La compagna di intervista a cui vi ho abbinati è Cristina Patregnani, che cura materialmente e pubblica autonomamente una rivista cartacea di letteratura e traduzione. Cosa pensate di questa sua impresa, che possiamo definire in solitaria? Credete nel potere diffusivo delle riviste cartacee?

G. M. Io sono fautrice del cartaceo, perché l’oggetto libro, di per sé, ha delle ripercussioni benefiche sul lettore. Le riviste cartacee sono state storicamente, poi, le antesignane della diffusione della cultura e credo si debba riservare loro un posto di prestigio, durevole nel tempo. Perciò a Cristina Patregnani e al suo coraggio va tutta la mia ammirazione. Intuisco delle affinità per il suo lavoro di traduzione e per la selezione di autori ricercati, non conformi a un gusto superficiale e omologato. Spero continui a mettere in pratica questa sorta di esercizio di bellezza e resistenza e spero avremo modo di trovare, prima o poi, un punto di contatto.

 

Di fronte al diffondersi del digitale, perché si dovrebbe scegliere oggi di leggere una rivista cartacea?

C. P. Per lo stesso motivo per cui si continuano a pubblicare (e a comprare, e a leggere) libri, e in generale prodotti, cartacei; credo che, almeno in parte, siano gli stessi lettori a chiederlo. Personalmente non amo il digitale, perché ho delle difficoltà enormi a leggere su supporti che non siano quelli “tradizionali” di carta. Perdo facilmente la concentrazione e i miei occhi si stancano in fretta. Anche nel lavoro di scrittura e traduzione, carta e penna rimangono per me strumento primario. Su questo mi sono confrontata con diverse persone, anche in fase di elaborazione del progetto, e devo dire che ho raccolto molte opinioni favorevoli a una rivista che non fosse digitale, o per lo meno, non solo.

 

La compagna di intervista a cui ti ho abbinata è Gabriella Montanari di Vague Edizioni. Conosci questa realtà editoriale che pure si caratterizza per un percorso originale?

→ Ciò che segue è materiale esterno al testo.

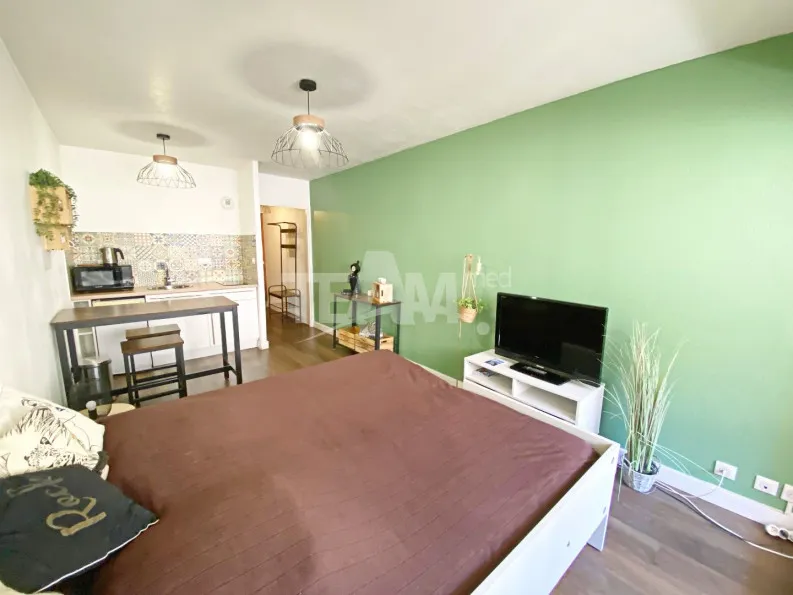 Photo 8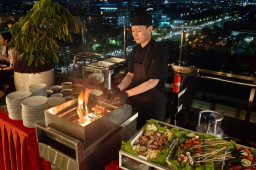 Sunset BBQ dari Rooftop, Cara Baru Menikmati Senja di Surabaya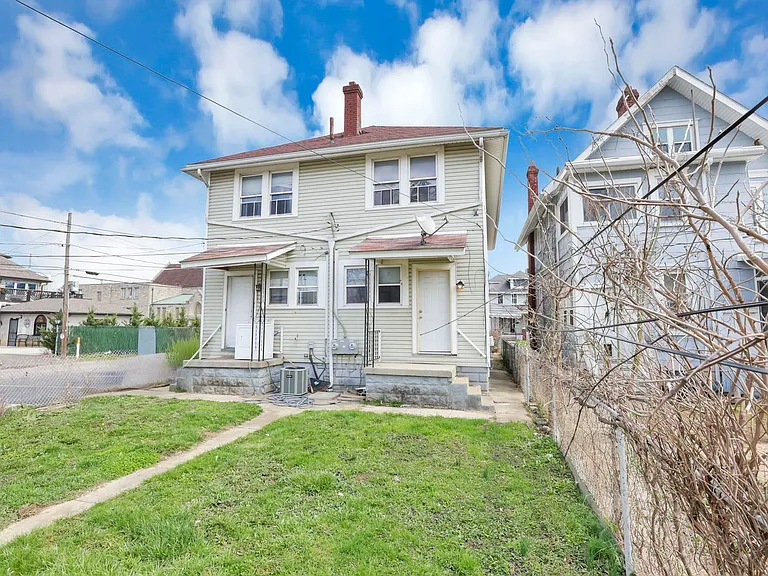 27-29 S Terrace Ave — Photo 31
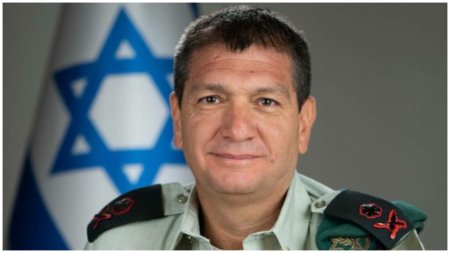Seful serviciului de informatii militare <span style='background:#EDF514'>DEMIS</span>ioneaza pentru responsabilitatea sa in atacurile Hamas de la 7 octombrie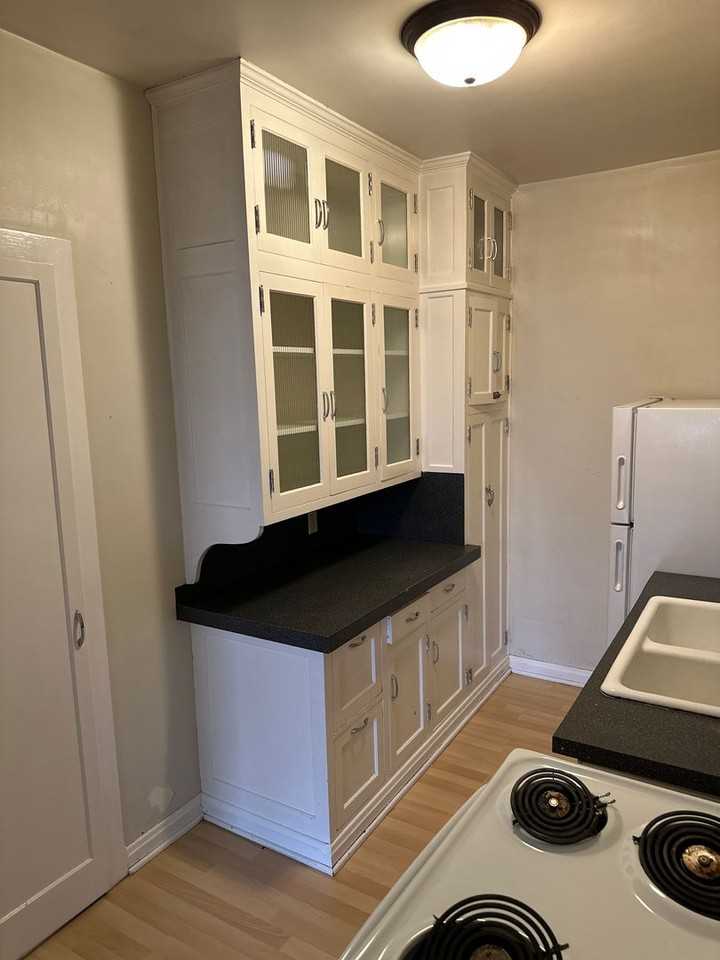 Ivers - Photo 4 of 17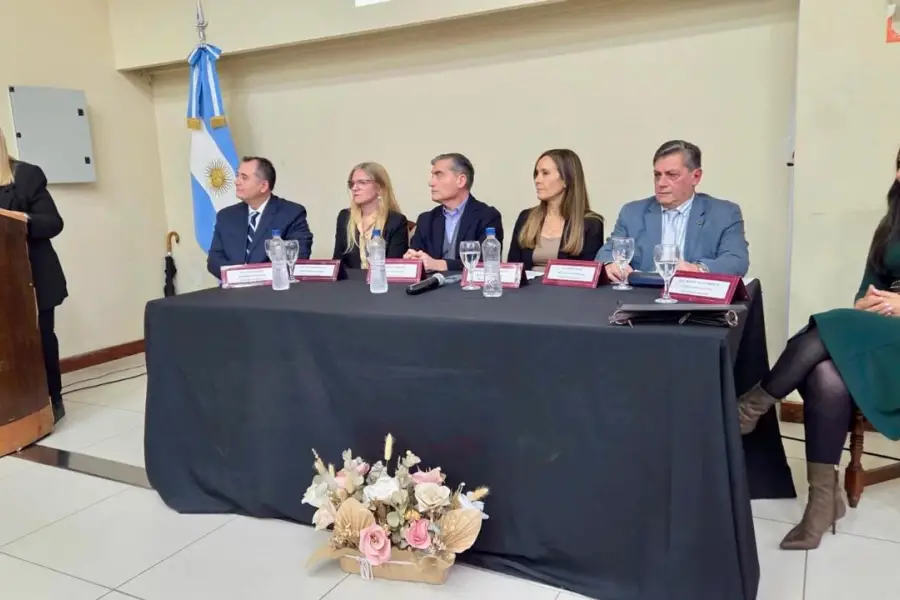 La UNT entregó certificados de la Diplomatura de Posgrado en Genocidio y Delitos de Lesa Humanidad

C.P. Sono onorata di essere stata intervistata in parallelo con Gabriella Montanari. Conosco Vague grazie a te; mi sembra un progetto che merita di crescere, davvero interessante e coraggioso, con uno stile assolutamente unico e delle scelte editoriali autentiche.

 

Come è cambiato negli ultimi anni il rapporto con la lettura? Chi è, oggi, il vero lettore? 

G.M. C’è una definizione che non amo, quella del lettore cosiddetto “forte”. Ha qualcosa di quantitativo che non mi piace. Vedo una sovrabbondanza di lettori compulsivi, che esibiscono i titoli come se li collezionassero. C’è una tendenza del lettore “esibito”, insomma, che mal sopporto. Se seguiamo le statistiche, si arriva certamente ad individuare un blocco di lettori molto attivi: le donne. In particolare, quelle di età compresa tra i trenta e i cinquantacinque anni.
In generale osservo che ci sono differenze di lettori, c’è quello di narrativa e quello di poesia. Il primo abbraccia vari generi ed ha una disposizione più aperta verso il nuovo; il lettore di poesia, invece, è soprattutto colui che scrive versi. E quest’ultimo caso apre ad una serie di riflessioni, anche complesse, su come dovrebbe essere proposto e diffuso il linguaggio poetico nella nostra società affinché non resti circoscritto ai soli frequentatori del genere.